Presidents: From the failures to the greats

6/6/2004
BY JULES WAGMAN
SPECIAL TO THE BLADE

PRESIDENTIAL LEADERSHIP: RATING THE BEST AND THE WORST IN THE WHITE HOUSE. Edited by James Taranto and Leonard Leo. Wall Street Journal Books. 280 pages. $26.

Books that deal with any kind of list are fun. There is always some ranking or comment to question. This one is no exception. The editors are James Taranto, editor of the Wall Street Journal's online editorial page, and Leonard Leo, executive vice president of the Federalist Society, a libertarian and conservative group.

Various editors, authors, and think tank denizens have written essays on each president. There are also several essays on presidenting at the end.

Three are rated "great." They are George Washington, Abraham Lincoln, and Franklin D. Roosevelt. In some other rankings Lincoln is first because he held the Union together. Washington generally leads because he was the first president and led the country into nationhood.

Roosevelt is ranked third for shepherding the country through the Depression and World War II.

Writing about FDR is Robert H. Bork, the conservative judge whom Senate Democrats refused to confirm to the federal appellate court during the first Bush presidency.

Bork attributes FDR's ranking to "temperament, personal charm, and luck." He says, "Roosevelt's performance during the Depression was not impressive.
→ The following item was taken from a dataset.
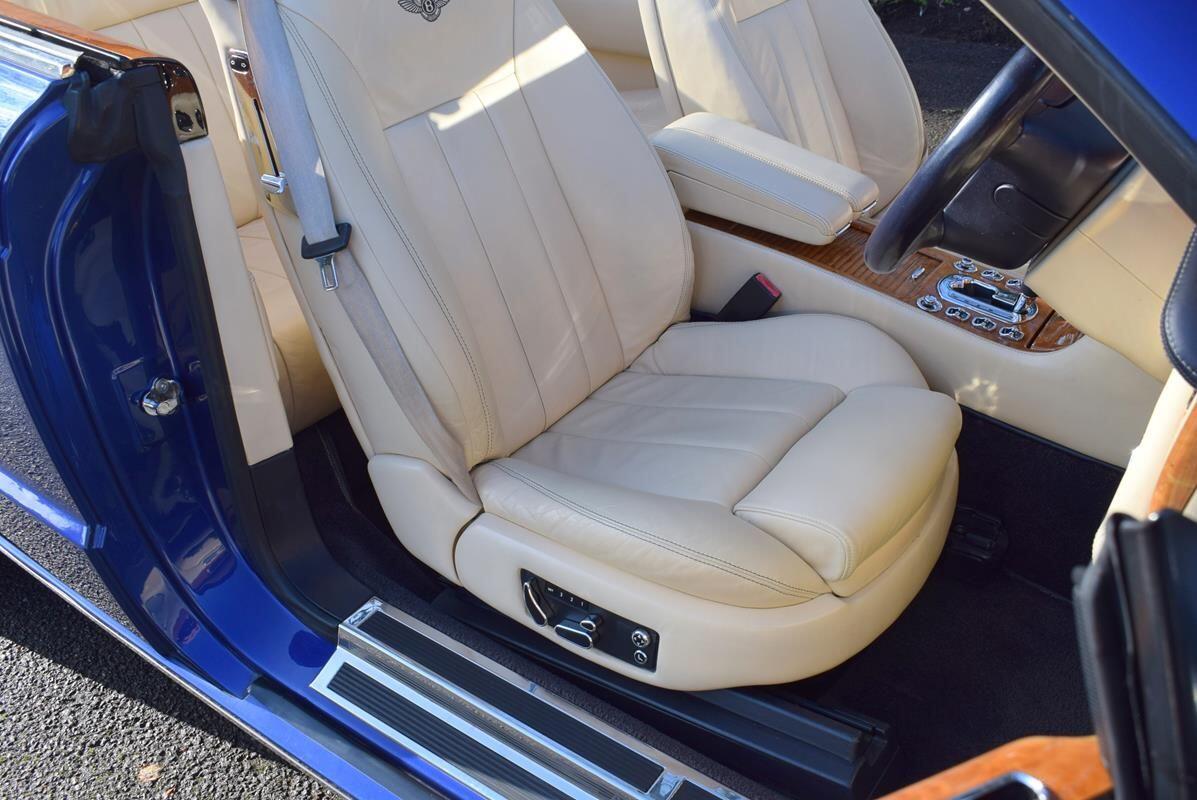 Used Bentley Azure 2007 for sale - 77613058: Photo 18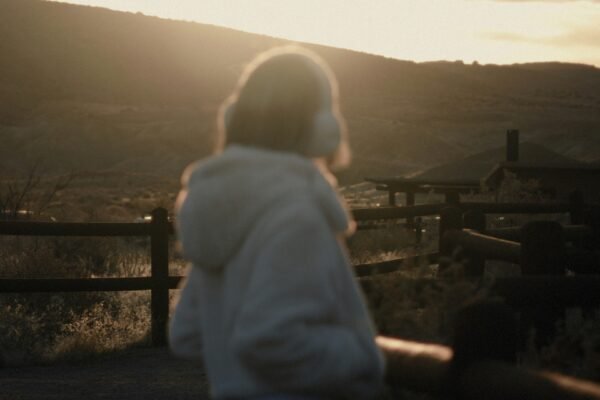 Winter Wellness: Tips for Protecting Your Skin and Hair in Cold Weather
His economic measures have been compared to the economic policies of fascism . . . "

Another of the controversial 20th century presidents, Richard M. Nixon, ranked 33rd and among the below average. Writing about him is Kenneth W. Starr, Whitewater special prosecutor and Clinton nemesis.

Starr devotes his essay to Watergate, certainly the key element of the Nixon years. But he fails to discuss Nixon's opening to Red China and how that began the thawing of Cold War relations between the East and the West.

Only a vehement anti-Communist like Nixon could have done that and brought the country along with him. Had liberal Democrat Hubert H. Humphrey won the 1968 election and reached out to China, he would have been pilloried as being "soft on communism."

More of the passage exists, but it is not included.